▶ [Exercise goal]: Transcribe the data exactly, pictures excluded.

Collected data Start Marker

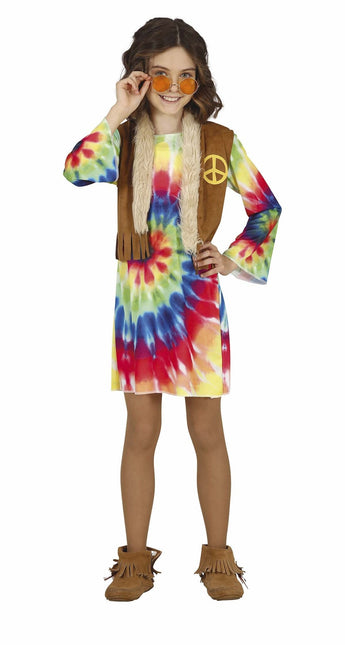 Disfraz de hippie para chica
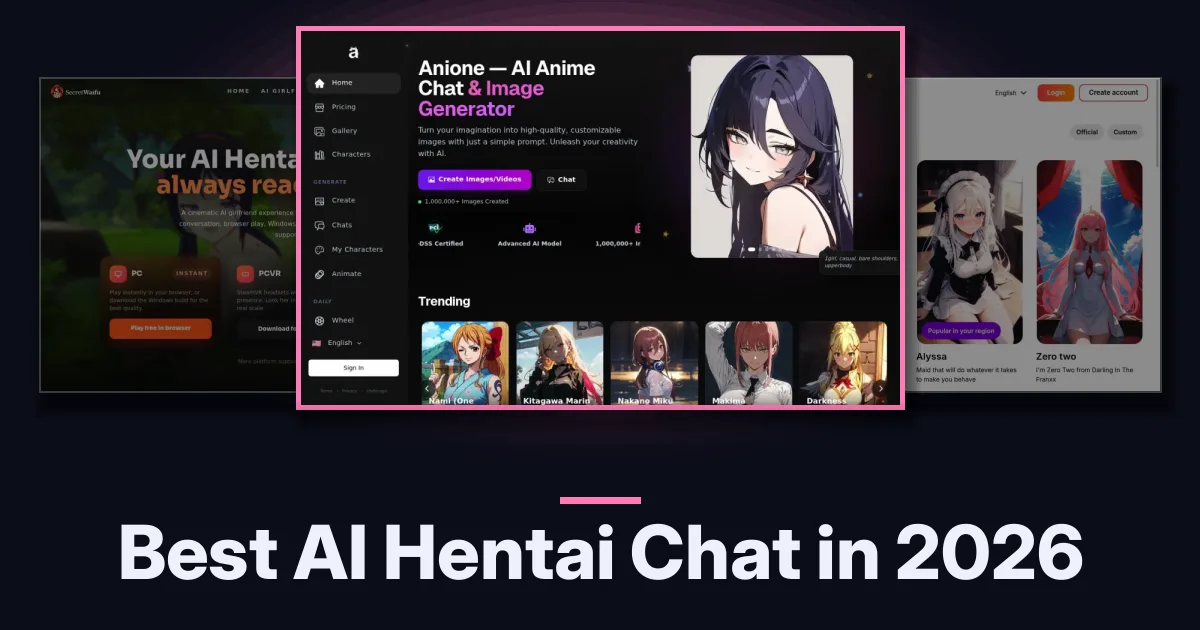 Our Favorite AI Hentai Chat Apps in 2026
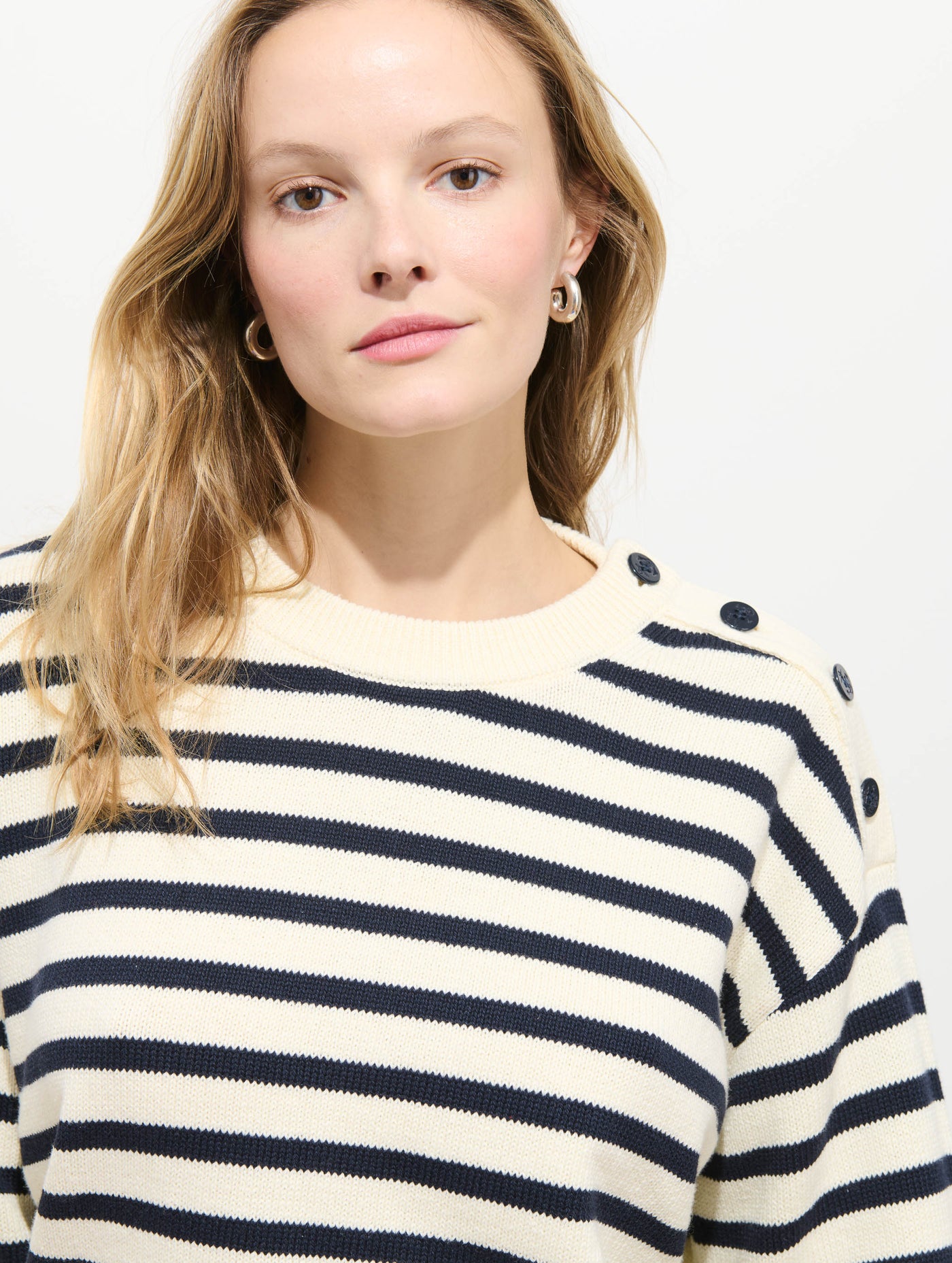 Normandy Striped Sweater In Cotton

Collected data End Marker

▶ [Answer]:
 Disfraz de hippie para chica
 Our Favorite AI Hentai Chat Apps in 2026
 Normandy Striped Sweater In Cotton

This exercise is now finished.